Mas a revolução de 1817 foi logo abafada – e seus dirigentes presos. Entra, então, em cena, a grandeza de nosso padre Miguel. Enquanto os companheiros fogem, ele fica onde está. Ao lado da irmã Clara, morando em Olinda, passa a noite, que antecedeu sua prisão, rasgando os documentos que pudessem incriminar seus amigos de aventura. A irmã propõe que fuja também: “Não posso nem devo. Sei que vou ser preso. Mas preciso livrar meus amigos de castigos terríveis que vêm pela frente”.

Encarcerado num porão de navio, é levado para Salvador. Sem ver a luz do sol, convive com o escárnio e a miséria mais solvente, amarrado a ferros. Passa oito dias para, desse porão infecto, ser levado a julgamento.

E quem o julgará? O famoso Conde dos Arcos, general português reconhecido por sua violência. Arma-se o grande instante no Campo de Pólvora de Salvador.

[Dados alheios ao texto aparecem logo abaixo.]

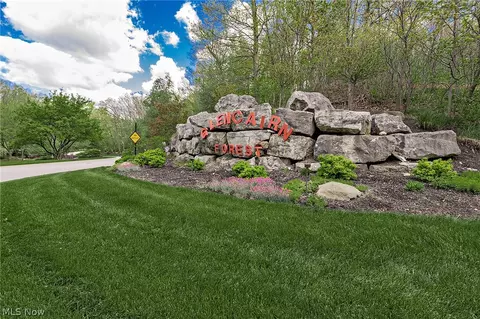 3540 W Galloway Dr, Richfield, OH 44286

O Conde dos Arcos, que condenara à morte os outros revolucionários, detém-se diante da figura de Miguelinho. E sentiu que, ali, havia uma personalidade diferente. Um instante raro de dignidade humana.

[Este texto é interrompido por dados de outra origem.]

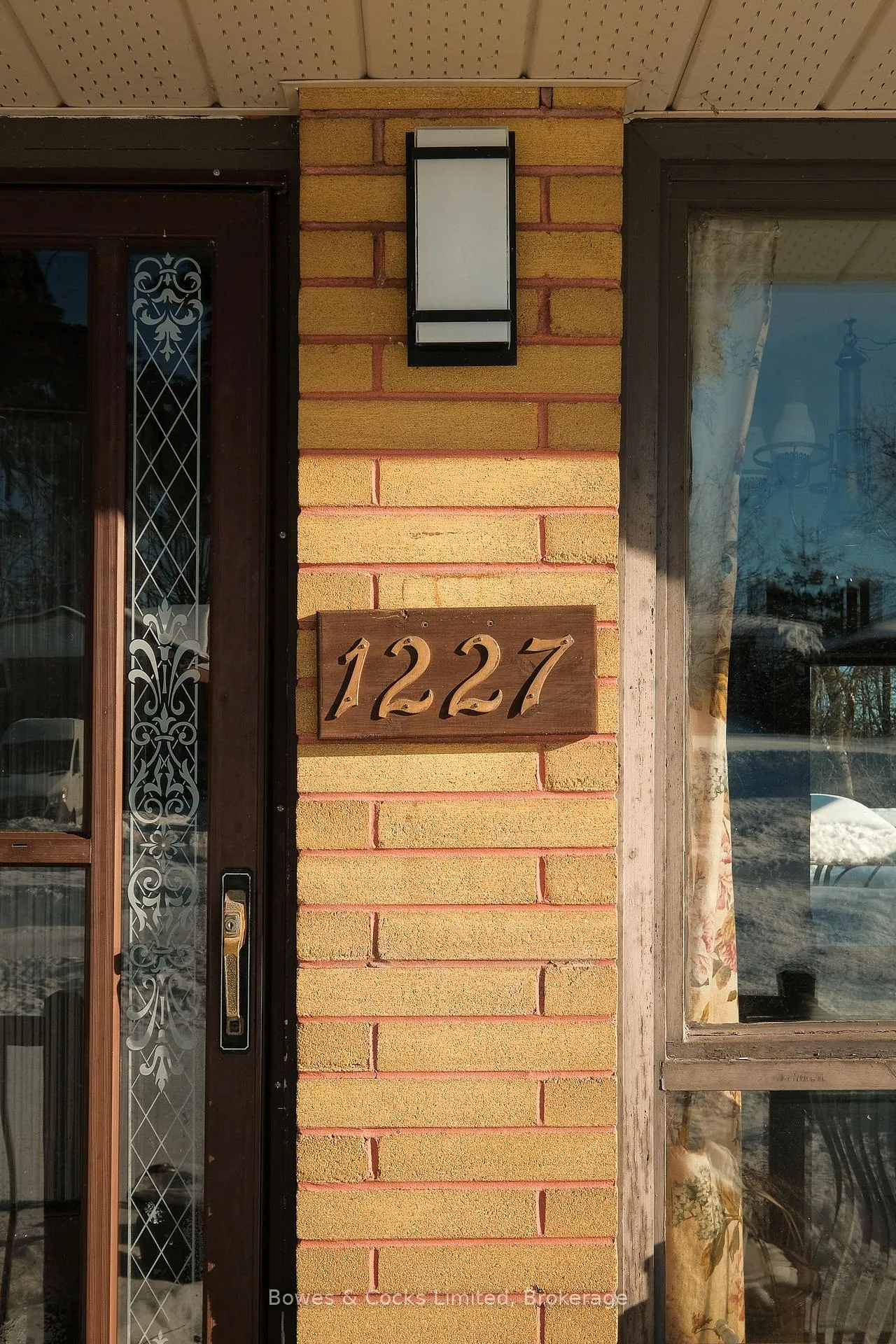 Photo 3 of 1227 Algonquin Boulevard, Peterborough, Northcrest Ward 5 — HOMEH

Percebendo em Miguelinho esse ser extraordinário, propõe a ele: “Há documentos aqui que o incriminam. Como, por exemplo, este, assinado pelo Sr., mas onde falta a letra O”. Miguelinho calado. E o Conde repõe: “Alguém deve ter assinado pelo Sr.”. O que implicaria em não condenação à morte do padre. Mas, Miguelinho pede o documento, examina-o e responde: “Não, esta letra é minha. Realmente faltou papel para eu colocar o O final do meu nome”. E volta ao silêncio e à oração.

O Conde dos Arcos reclama “Não sou sanguinolento como dizem. Afirme alguma coisa. Explique qualquer ação sua. Vamos, fale”. E Miguelinho em silêncio ficou. Até que a autoridade portuguesa definiu: “Então, está condenado ao fuzilamento sumário”.

Miguelinho ajoelhou-se, chorando e silenciosamente; recitou o “Miserere mei Domine”. Foi arcabuzado a 12 de junho de 1817.